A User is the entity that creates projects, starts experiments, manages teams and clusters. A User has a set of permissions, and can be normal user or superuser.

More details

Please refer to the management section for more details.

Teams

An Team provides a way to manage team/group of users, their access roles, and resources quotas.

Caution

This is still a work in progress. If you want to be notified when we release this feature, please subscribe to receive our progress.

Project

A Project in Polyaxon is very similar to a project in github, it aims at organizing your efforts to solve a specific problem. A project consist of a name and a description, the code to execute, the data, and a polyaxonfile.yml.

More details

Please refer to the projects section for more details.

Experiment Group

An Experiment Group is an automatic and practical way to run a version of your model and data with different hyper parameters.

More details

Please refer to the experiment groups and hyper parameters search section for more details.

Experiment

An Experiment is the execution of your model with data and the provided parameters on the cluster.

More details

Please refer to the experiments and distributed runs section for more details.

Experiment Job

A Experiment Job is the Kubernetes pod running on the cluster for a specific experiment, if an experiment run in a distributed way it will create multiple instances of Experiment Job.

More details

Please refer to the experiment jobs section for more details.

Distributed Experiments

A Distributed Experiment is the execution of a model or a computation graph across a cluster.

More details

Please refer to the distributed experiments for more details.

Job

A Job is the execution of your your code to do some data processing or any generic operation.

More details

Please refer to the jobs section for more details.

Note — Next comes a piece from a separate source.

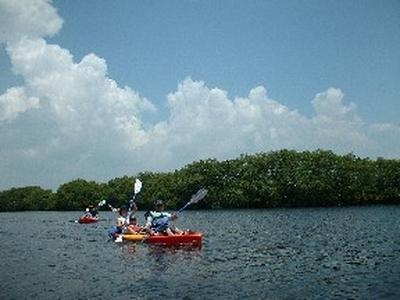 Imagen de los exteriores del Hotel Noray, Playa Oriente. Foto 6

Finding good hyperparameters involves can be very challenging, and requires to efficiently search the space of possible hyperparameters as well as how to manage a large set of experiments for hyperparameter tuning.

More details

Please refer to the hyperparameters search for more details.

Checkpointing, resuming and restarting experiments

Checkpointing is a very important concept in machine learning, it prevents losing progress. It also provide the possibility to resume an experiment from a specific state.

Polyaxon provides some structure and organization regarding checkpointing and outputs saving.

More details

Please refer to the save, resume & restart for more details.

Tensorboard

A Tensorboard is a job running to visualize the metrics of an experiment, the experiments of a group, or of a project.

More details

Please refer to the tensorboard for more details.

Notebooks

A Project plugin is a job running project wide.

More details

Please refer to the project plugins section for more details.